=== Section Start ===

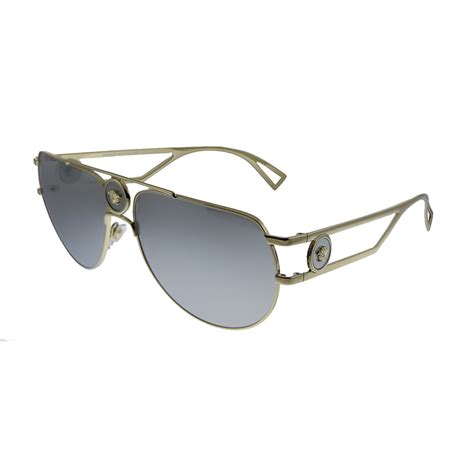 versace sunglasses manufacturer|authentic Versace unisex sunglasses.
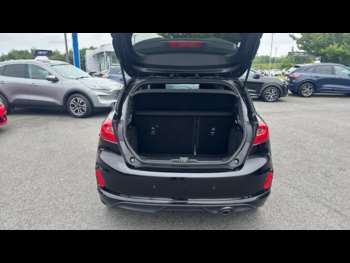 Used Ford Fiesta 2021 for sale - 75299743: Photo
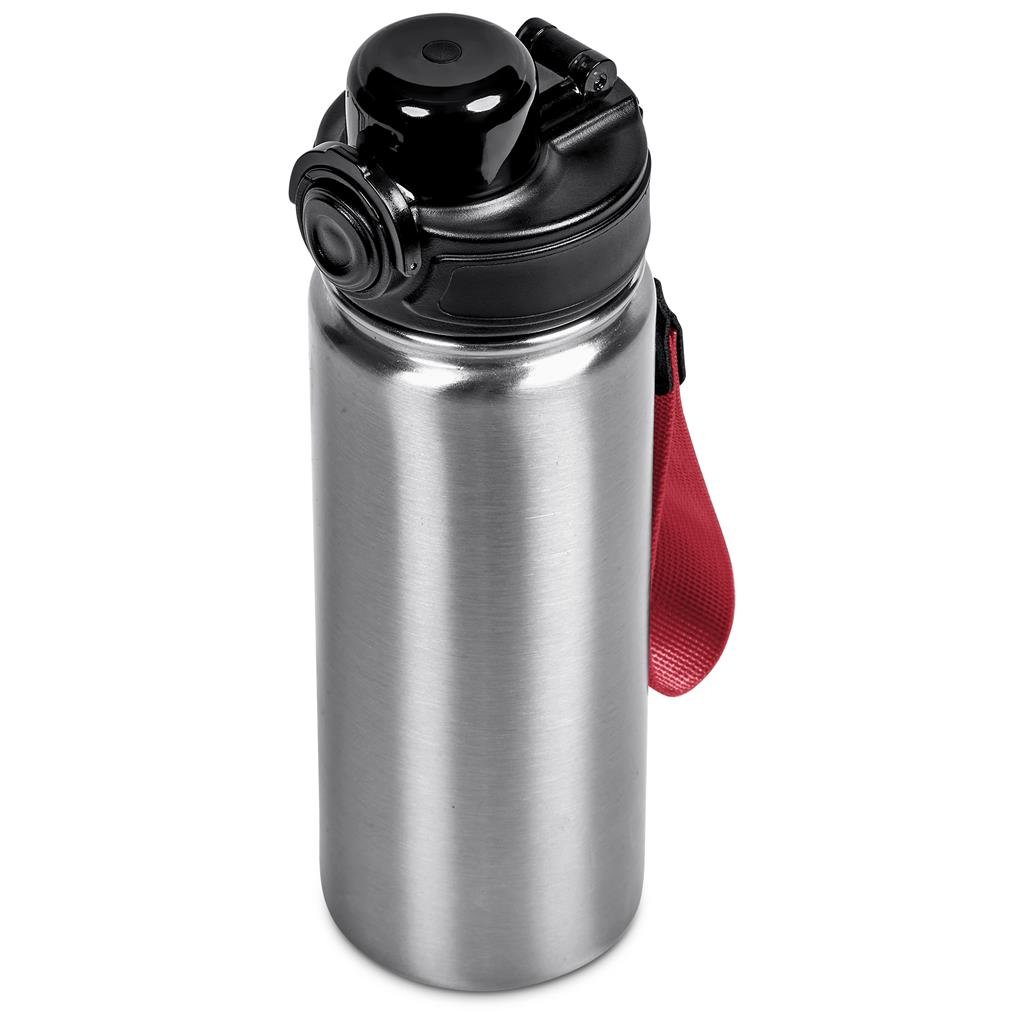 Altitude Garcia Stainless Steel Water Bottle – 750ml - Image 42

=== Section End ===

Could you output the listing word for word, omitting every picture?

Written response |
 versace sunglasses manufacturer|authentic Versace unisex sunglasses.
 Used Ford Fiesta 2021 for sale - 75299743: Photo
 Altitude Garcia Stainless Steel Water Bottle – 750ml - Image 42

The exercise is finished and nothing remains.